> **REQUIRED WORK**
The answer is all of the entries below, repeated exactly and free of pictures.

Images for object localization
--------------------------------------------------

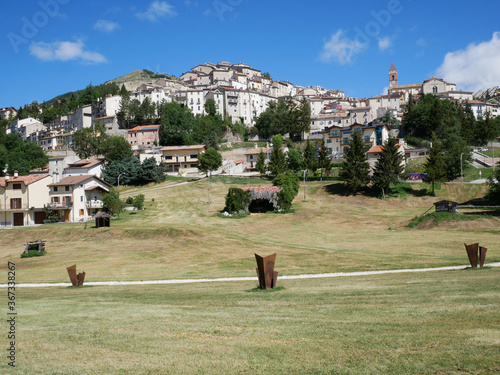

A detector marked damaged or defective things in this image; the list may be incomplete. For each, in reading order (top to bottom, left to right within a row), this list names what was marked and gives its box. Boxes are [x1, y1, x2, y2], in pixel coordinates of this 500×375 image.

rusted metal sculpture [464, 245, 488, 268]
rusted metal sculpture [66, 264, 86, 288]
rusted metal sculpture [256, 254, 280, 290]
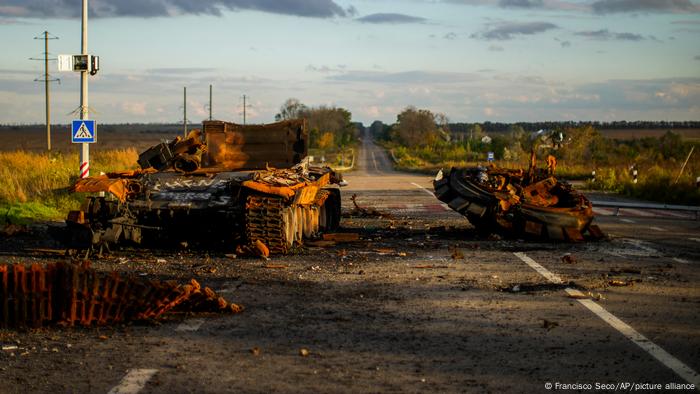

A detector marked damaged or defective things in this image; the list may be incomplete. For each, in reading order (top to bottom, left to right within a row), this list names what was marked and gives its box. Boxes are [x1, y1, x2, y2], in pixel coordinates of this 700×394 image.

--------------------------------------------------

> **SOLUTION TO THIS PROBLEM**
A detector marked damaged or defective things in this image; the list may be incomplete. For each, in reading order (top to bottom, left to right within a row), this list names what was marked and gives its box. Boxes are [x1, y1, x2, y2], in pixel coordinates of this 500×375 image.

rusted metal sculpture [464, 245, 488, 268]
rusted metal sculpture [66, 264, 86, 288]
rusted metal sculpture [256, 254, 280, 290]

A detector marked damaged or defective things in this image; the list may be incomplete. For each, in reading order (top to bottom, left to right within a row), this list names what was marked and gives its box. Boxes are [x1, y1, x2, y2], in pixel coordinates of this 700×394 image.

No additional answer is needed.